IHN readily working with all stakeholders to contain the monster

  • IHHN through its’ public-private partnership initiatives, became a major testing center for samples collection
  • IHHN helped set up 100-bed Quarantine Center in Dumba Goth; 120-bed COVID-19 Hospital in Gadap Town and 20-bed COVID-19 Unit in Badin
  • IHHN’s Research Center opens Pakistan’s first country-specific, online, bilingual self-screening tool

Interview with Dr. Abdul Bari Khan — Chief Executive Officer, Indus Health Network


Hailing from a middle-class family, Dr. Abdul Bari Khan, graduated from Dow Medical College in 1986 and received a fellowship in Cardiac Surgery from The College of Physicians and Surgeons Pakistan in 1995.

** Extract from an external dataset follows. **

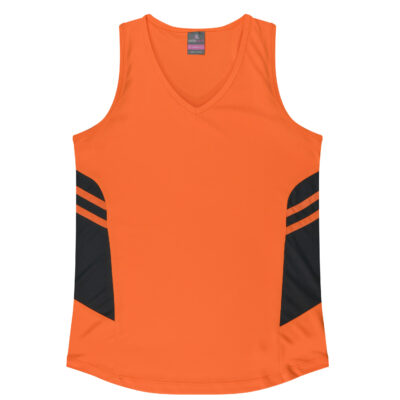TASMAN LADY SINGLETS - 2111 35 TASMAN LADY SINGLETS - 2111 - Image 4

While he was studying, he became a member of the Civil Hospital’s Patients Welfare Association. He also worked for the renovation of the Civil Hospital’s Emergency Department and participated in the establishment of the Blood Center and a free Diagnostic Center.

As early as the beginning of his education, it was evident that social work would remain an integral part of his life. His career at the Civil Hospital, Karachi provided him with a direction to steer his efforts in this new direction.

The year 1986 was a turning point in his life when he fell witness to the aftermath of the Karachi bomb blast and the miseries of its victims. The suffering of the patients was all the more exacerbated due to the lack of beds and almost non-existent casualty ward in public hospitals.

He, along with his friends and colleagues worked to collect donations and established a well-equipped casualty ward at the Civil Hospital — one of the largest public hospitals in Karachi. He also played an instrumental role in establishing a Cardiac Surgery Ward along with an operation theatre and an ICU.

As a social worker and doctor, Dr. Bari has devoted his life to the promotion of medical facilities and services in the country.

In 2004, the management of the then Islamic Mission Trust contacted Dr. Bari to manage a hospital in Korangi. After joining hands with them, in 2007, Dr. Bari embarked upon a never-ending journey – the establishment of The Indus Hospital (TIH).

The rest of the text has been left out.